«Me llamo barro aunque Miguel me llame./Barro es mi profesión y mi destino/que mancha con su lengua cuánto lame...» Así, en tres versos, Miguel Hernández,
no sólo se describe a sí mismo, sino que enaltece, definitivamente, la construcción poética del mundo. Es preferible olvidarse aquí de aniversarios. Hay que decir por qué este «barro»
es la esencia misma del verbo. Expresar por qué es, este poeta de Orihuela, el más profundo hacedor de belleza, contundente y dolorosa belleza...
Miguel Hernández no es solamente el más maravilloso orfebre del endecasílabo o la elegía. Es, además, el luchador incansable y honesto que la libertad
tuvo de guía. Amante de la vida, supo de todos las esperanzas y lo estragaron todos los dolores:
Pintada, no vacía:
pintada está mi casa
del color de las grandes
pasiones y desgracias...
...
El odio se amortigua
detrás de la ventana.
Será la garra suave.
Dejadme la esperanza.
La pasión fue su camino. La cárcel y la muerte su destino. Pero Miguel, el soldado que atrincheró el verso en los frentes de batalla para no ser mancillado, enarboló
su amor por sobre los huesos y «la carne talada» y en la ternura del vientre de Josefina Manresa, construyó el hijo y el hambre para su hijo, al que alimentó con sus Nanas de la cebolla:
En la cuna del hambre
mi niño estaba.
Con sangre de cebolla
se amamantaba.
Pero Miguel, desde la cárcel, alienta siempre la esperanza:
Tu risa me hace libre,
me pone alas.
Soledades me quita,
cárcel me arranca.
Él es el hombre esposo-padre-soldado. Es la libertad, la lucha y la justicia. Es, sin dudas, el más significativo poeta de los tiempos. Y el más herido. El más
destrozado. El «pastor de cabras» que fue denostado por los grandes poetas de la época que lo consideraban un «pobre joven provinciano».

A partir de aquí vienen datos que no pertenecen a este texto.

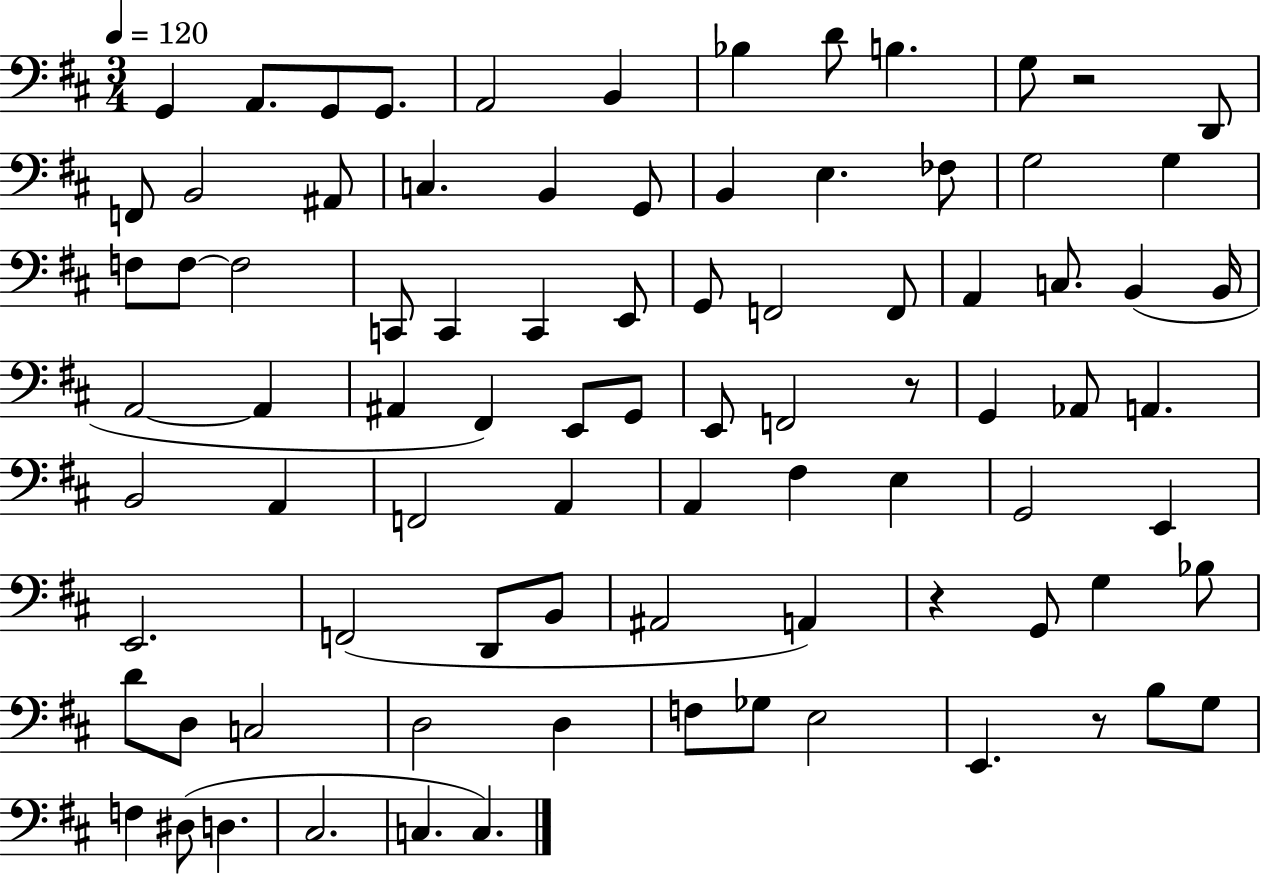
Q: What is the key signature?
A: D major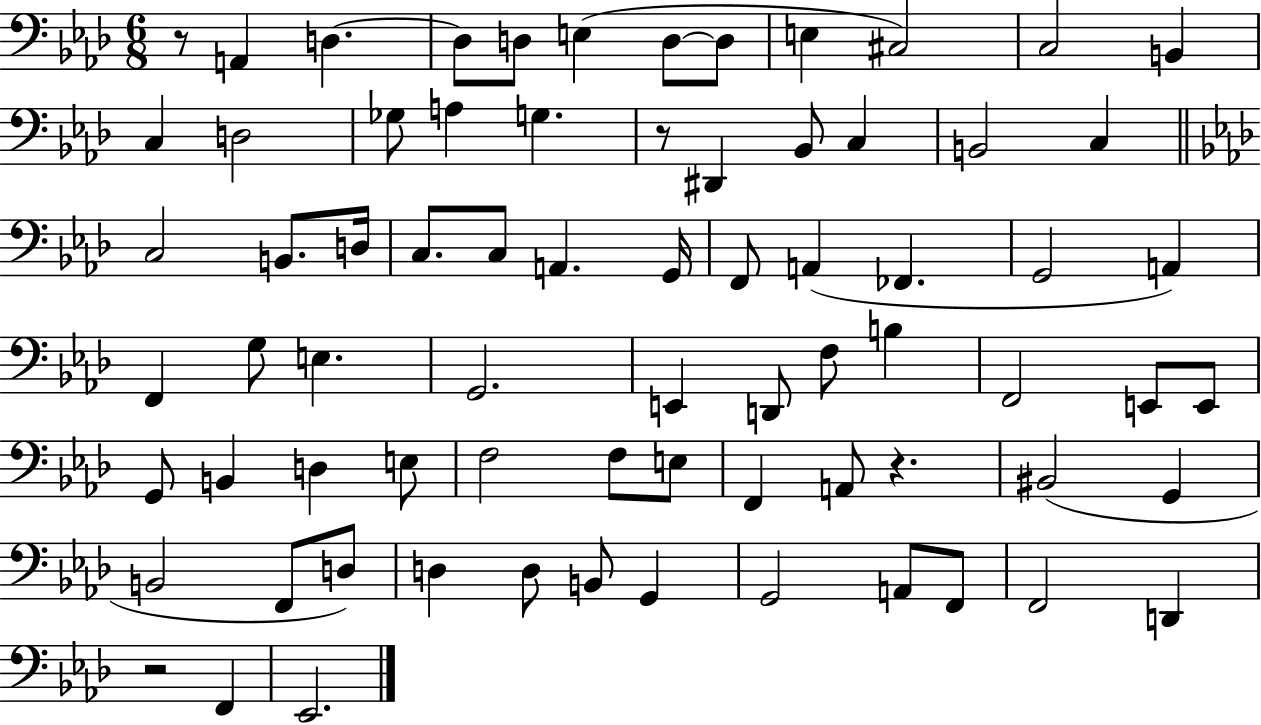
{
  \clef bass
  \numericTimeSignature
  \time 6/8
  \key aes \major
  r8 a,4 d4.~~ | d8 d8 e4( d8~~ d8 | e4 cis2) | c2 b,4 | \break c4 d2 | ges8 a4 g4. | r8 dis,4 bes,8 c4 | b,2 c4 | \break \bar "||" \break \key f \minor c2 b,8. d16 | c8. c8 a,4. g,16 | f,8 a,4( fes,4. | g,2 a,4) | \break f,4 g8 e4. | g,2. | e,4 d,8 f8 b4 | f,2 e,8 e,8 | \break g,8 b,4 d4 e8 | f2 f8 e8 | f,4 a,8 r4. | bis,2( g,4 | \break b,2 f,8 d8) | d4 d8 b,8 g,4 | g,2 a,8 f,8 | f,2 d,4 | \break r2 f,4 | ees,2. | \bar "|."
}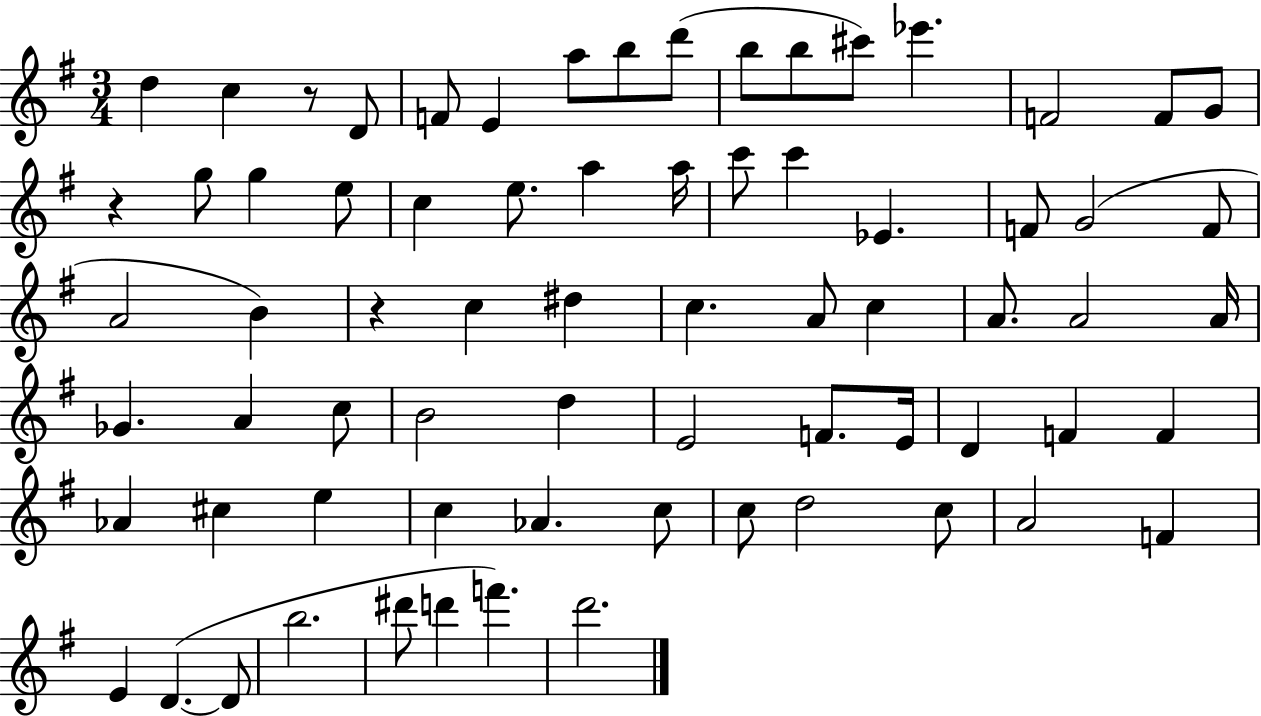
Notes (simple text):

D5/q C5/q R/e D4/e F4/e E4/q A5/e B5/e D6/e B5/e B5/e C#6/e Eb6/q. F4/h F4/e G4/e R/q G5/e G5/q E5/e C5/q E5/e. A5/q A5/s C6/e C6/q Eb4/q. F4/e G4/h F4/e A4/h B4/q R/q C5/q D#5/q C5/q. A4/e C5/q A4/e. A4/h A4/s Gb4/q. A4/q C5/e B4/h D5/q E4/h F4/e. E4/s D4/q F4/q F4/q Ab4/q C#5/q E5/q C5/q Ab4/q. C5/e C5/e D5/h C5/e A4/h F4/q E4/q D4/q. D4/e B5/h. D#6/e D6/q F6/q. D6/h.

El «pobre pastorcillo» se convirtió, al fin, en el más importante y popular de todos, aunque debió pagar con su muerte el desatino de haber desafiado
a su época. Terminó arrumbado en los rincones de las cárceles (no fue una la cárcel de su cuerpo, sino varias), adormecido por el dolor y la tuberculosis, arrastrado hacia el final por dictadores
y eclesiásticos y olvidado por los señoritos poetas que no le perdonaron su sabiduría ni su poderoso lirismo. Salvo Neruda y Aleixandre, aquellos otros magníficos poetas lo dejaron a la intemperie
de la muerte.
Por eso, hoy es necesario volver a Miguel Hernández, a la potencia de su voz, única, inequívoca, contundente. Porque Miguel, el llamado «barro», es más
que nunca, el verdadero poeta, el que, junto con la libertad, hizo «que nuevos brazos y piernas crezcan/en la carne talada». En su propia carne. Su propia estatura. En sus ojos por siempre abiertos. En su no muerte.
Miguel y yo
Conocí la obra de Miguel Hernández, casi de refilón, en el final de mi adolescencia. Mi biblioteca está llena de él. Igual que mis poemas. Guardo archivos
y esperanzas de que, pronto, el mundo se llene de la magnificencia de sus sonetos y del batallar de cada verso. Es la única guerra que siempre aceptaré: la del árbol talado y renacido y la de la casa pintada,
no vacía. Lo demás, que lo expliquen los académicos y especialistas. Es el momento de celebrar la obra y la memoria de un hombre que hizo de la palabra, el más bello y trágico estandarte
de lucha. Es decir, de pura vida...
Miguel Hernández, apresado al finalizar la Guerra Civil Española, murió en la cárcel el 28 de marzo de 1942. Tenía 31 años.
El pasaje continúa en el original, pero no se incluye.